Tribal communities across the south and south east are still in deep mourning following the death of Prince Philip, the Queen’s consort and husband of over 70 years. For decades, towns and villages across the home counties have revered the Duke of Edinburgh as a god-like spiritual figure and have now come together to pay their respects.
‘The connection between the people of Bognor and Littlehampton and the Duke of Edinburgh goes back a very long time’, said tribal leader Felicity Hudson-Warne, standing below a full length portrait of the Duke in her vestibule. ‘We send our condolences on this saddest of sad days and pray that his physical being may enter the home of the angel spirits’.

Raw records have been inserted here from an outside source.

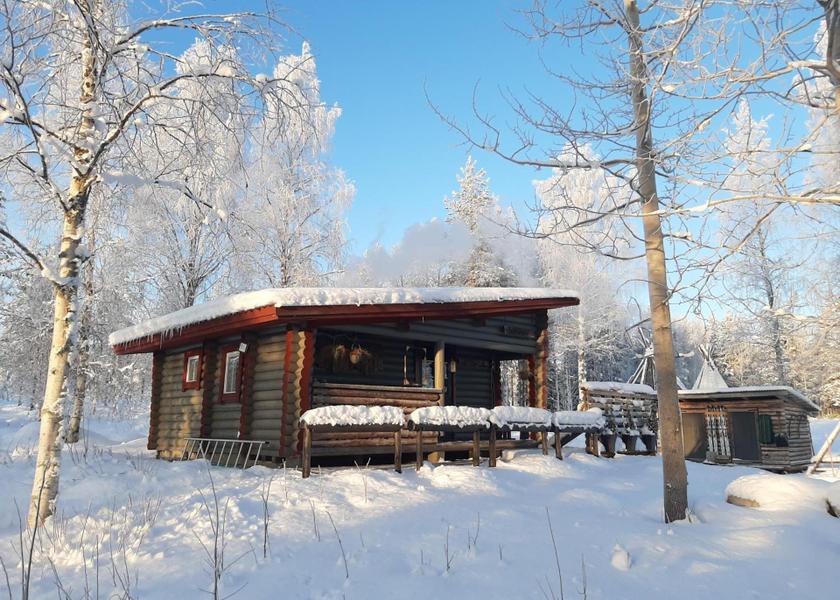 Rovaniemi Rovaniemi sauna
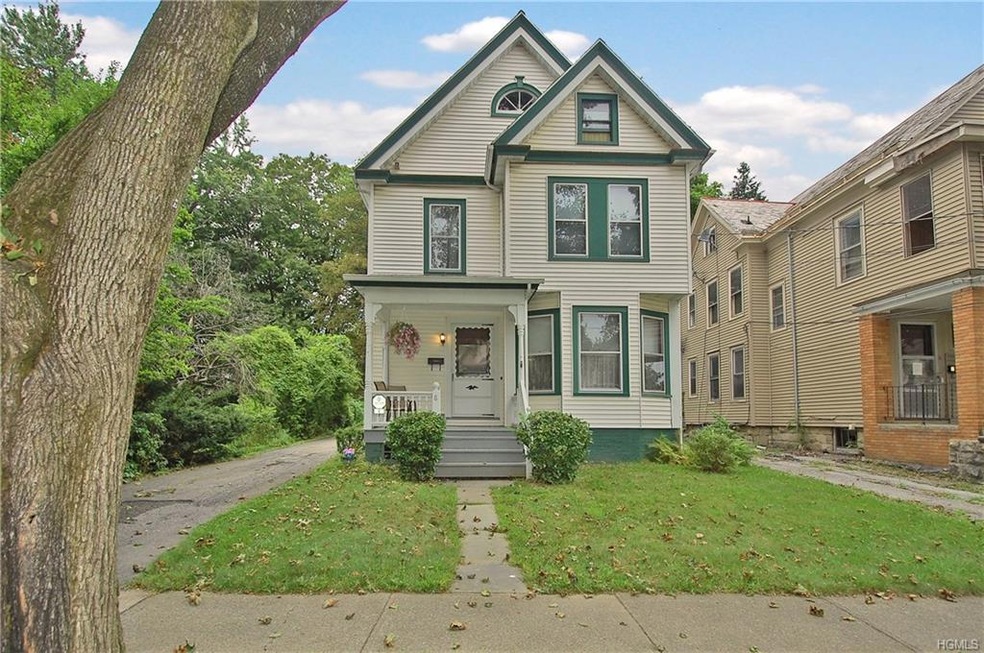 8 Hammersley Ave, Poughkeepsie, NY 12601 - photo 1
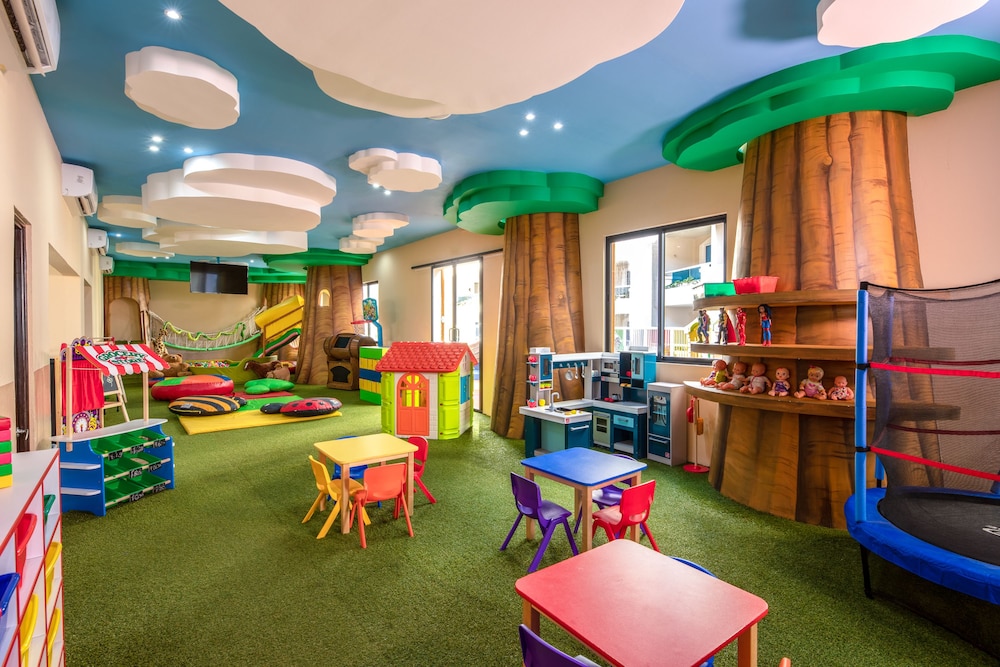 Childrens Area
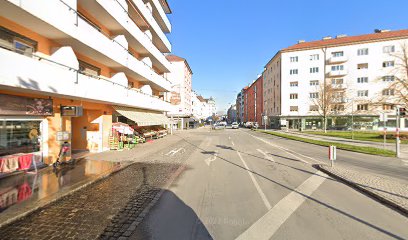 Innsbruck Amraser Straße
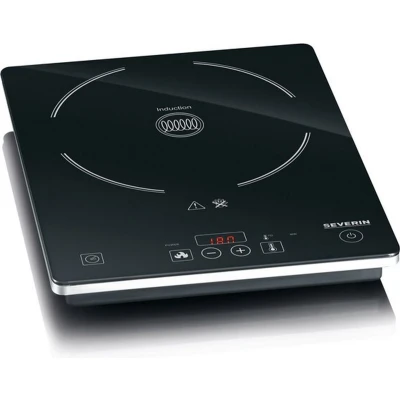 Afbeelding van Severin Kp1071 Inductie Kookplaat 2000W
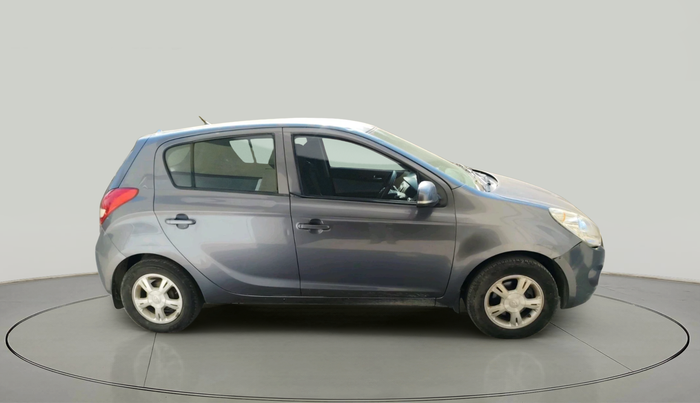 2011 Hyundai i20 ASTA 1.2, Petrol, Manual, 44,231 km, exterior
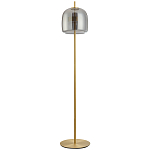 Торшер Blanton Smoky Brass Floor Lamp варинант исполнения - 2 | Loft Concept в Нижнем Новгороде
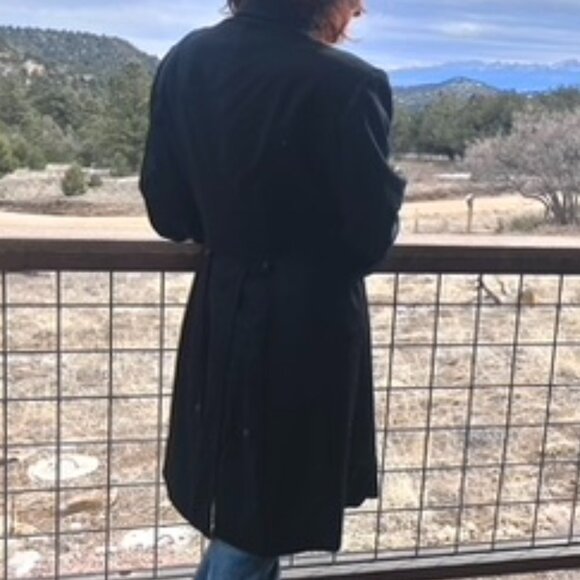 Longline blazer with a beautiful vent - Picture 2 of 5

These tribes in the south are readily identified by their distinctive blue rinse hair, ostentatious dwellings, property portfolios, and extensive Royal Doulton dinner services. The villagers – when they are not visiting their holiday homes in Tuscany – live simple lives. Enter some of their faux black and white timbered dwellings and you could be back in the 1930’s. Time stands still for these tribes, many shun modern technology and get commoners in to do simple tasks like cooking, cleaning and looking after children.
Following a formal period of mourning, the ancestral tribe will meet to honour the Duke in their time honoured way, organising church fetes, gymkhanas, bridge parties and opening their gardens to the public to raise funds to top up Tory HQ finances.